With a distinctive framework known as the WARIF Approach, focusing on Health, Education, and Community Service, the Women at Risk International Foundation (WARIF) has diligently adopted a unique and survivor-centered approach to addressing the intervention and prevention of gender-based violence across the country since its incorporation six years ago.
Founded in 2016 by Dr. Kemi DaSilva-Ibru, a practicing specialist Obstetrician and Gynaecologist and Public Health Physician with over 20 years of experience, the organisation was established in response to the alarming rates of rape, sexual violence and sex trafficking of young girls and women in Nigeria and West Africa.
DaSilva-Ibru told LEADERSHIP Weekend, at an interactive WARIF-media parley, that, as an organisation aimed to raise awareness and combat the prevalence of these issues through the development and implementation of a series of initiatives that address the post-incident intervention and treatment of affected women and girls, as well as providing preventive measures with the provision of impactful and measurable programme in education and community service to reduce the incidence of such violence.
Some of the services provided for survivors of rape and violence at no cost, are forensic medical examinations, medical treatment, and testing, use of prophylactic drugs, and individual and group counselling sessions to address psychosocial needs and social welfare such as shelters, the founder averred.
The organisation recently opened WARIF Satellite Clinic at the Cece Yara Foundation in Gbagada – offering essential medical services to children enduring acts of sexual abuse and violence. To date, the WARIF Rape Crisis Centre has supported over 4,500 survivors and has reached across the country through its 24-hour free toll-free helpline, she averred.

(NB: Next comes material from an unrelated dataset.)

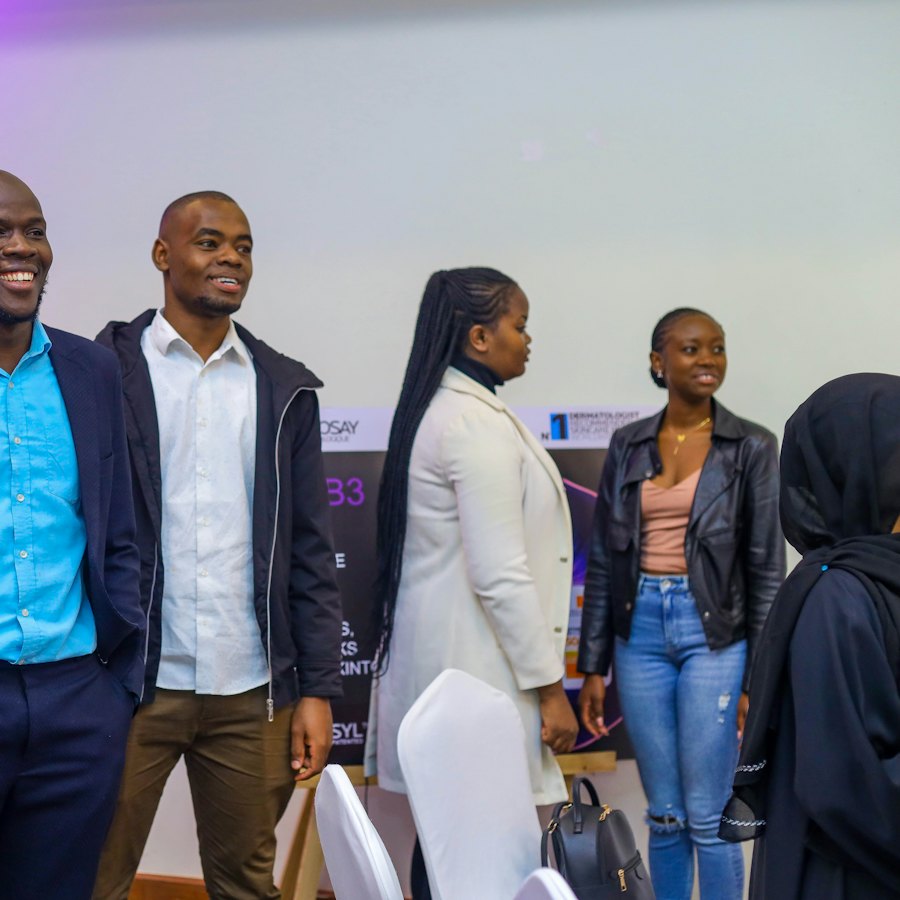 Event team smiling together at a launch venue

Under the education pillar, WARIF has established three major initiatives to reduce the incidence of sexual and gender-based violence, DaSilva-Ibru revealed, adding that, the Prevention of Campus Sexual Violence in Tertiary Institutions Programme focuses on addressing gender-based violence among students on campuses.
So far, the programme has provided the first-ever online classroom programme, educating over 8,000 students from 106 tertiary institutions in Nigeria on the prevention of sexual violence and how to report such cases.
Other programmes designed for adolescent school-aged girls and boys are the WARIF Educational School Project (WESP) providing comprehensive education to young girls about the appropriate response and the prevention of school-related sexual violence, and the Boys Conversation Cafe (BCC) programme mentors’ young boys, encouraging a shift in their mindset regarding rape and promoting a culture of protection rather than perpetration.
DaSilva-Ibru however vowed to continue to work with the media as the issue of rape and other forms of genderbased violence in our society is severely underreported.
Education And Career
Kemi DaSilva-Ibru is a specialist healthcare physician who is dedicated to improving the lives of women and girls through medical practice, social activism and wider public advocacy against gender-based violence.
Her medical and academic career has spanned across three decades and three continents. She graduated from the College of Medicine, University of Lagos before completing her postgraduate training in OBGYN at Howard University, Washington DC and obtaining a Master’s from the Bloomberg School of Public Health, Johns Hopkins University, Baltimore.
She has also taken other postgraduate medical courses in various specialties, and is an alumna of the Lagos Business School, Pan-Atlantic University, Lagos. She is currently undertaking a PhD in gender-based violence at the London School of Hygiene and Tropical Medicine.
Her professional memberships include; the Medical and Dental Council of Nigeria, the American Medical Association, Medical Women Association of Nigeria, the Association of Public Health Physicians Nigeria, the Faculty of Public Health, UK and the American Public Health Association. She is also a member of the Institute of Directors, Nigeria.